** Records to use follows **

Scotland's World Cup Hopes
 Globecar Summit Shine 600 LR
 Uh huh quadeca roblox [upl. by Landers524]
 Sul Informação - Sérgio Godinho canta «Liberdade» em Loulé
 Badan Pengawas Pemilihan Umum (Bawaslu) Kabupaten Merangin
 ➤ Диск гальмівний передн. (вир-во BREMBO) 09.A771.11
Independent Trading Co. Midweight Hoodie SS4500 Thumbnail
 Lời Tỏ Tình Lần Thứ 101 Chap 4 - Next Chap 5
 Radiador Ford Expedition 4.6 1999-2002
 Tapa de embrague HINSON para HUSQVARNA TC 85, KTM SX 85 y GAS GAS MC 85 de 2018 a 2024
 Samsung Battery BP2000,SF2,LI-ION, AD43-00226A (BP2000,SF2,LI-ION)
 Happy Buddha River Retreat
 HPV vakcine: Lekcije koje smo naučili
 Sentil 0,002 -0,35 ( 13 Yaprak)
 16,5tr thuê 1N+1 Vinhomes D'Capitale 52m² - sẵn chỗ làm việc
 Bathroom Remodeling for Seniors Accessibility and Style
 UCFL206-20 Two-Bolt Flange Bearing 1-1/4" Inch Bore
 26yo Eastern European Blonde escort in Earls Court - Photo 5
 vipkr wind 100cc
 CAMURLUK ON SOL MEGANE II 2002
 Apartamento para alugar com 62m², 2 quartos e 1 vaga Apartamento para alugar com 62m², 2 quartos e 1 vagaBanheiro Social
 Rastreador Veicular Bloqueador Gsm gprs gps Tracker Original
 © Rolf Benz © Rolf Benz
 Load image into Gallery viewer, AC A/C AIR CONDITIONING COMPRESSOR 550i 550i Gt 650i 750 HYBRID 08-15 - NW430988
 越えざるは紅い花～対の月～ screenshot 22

** End of Records to use **

## Requirement:
Where does the string "para" appear in the records? Copy every line that holds it.

## Your solution:
 Tapa de embrague HINSON para HUSQVARNA TC 85, KTM SX 85 y GAS GAS MC 85 de 2018 a 2024
 Apartamento para alugar com 62m², 2 quartos e 1 vaga Apartamento para alugar com 62m², 2 quartos e 1 vagaBanheiro Social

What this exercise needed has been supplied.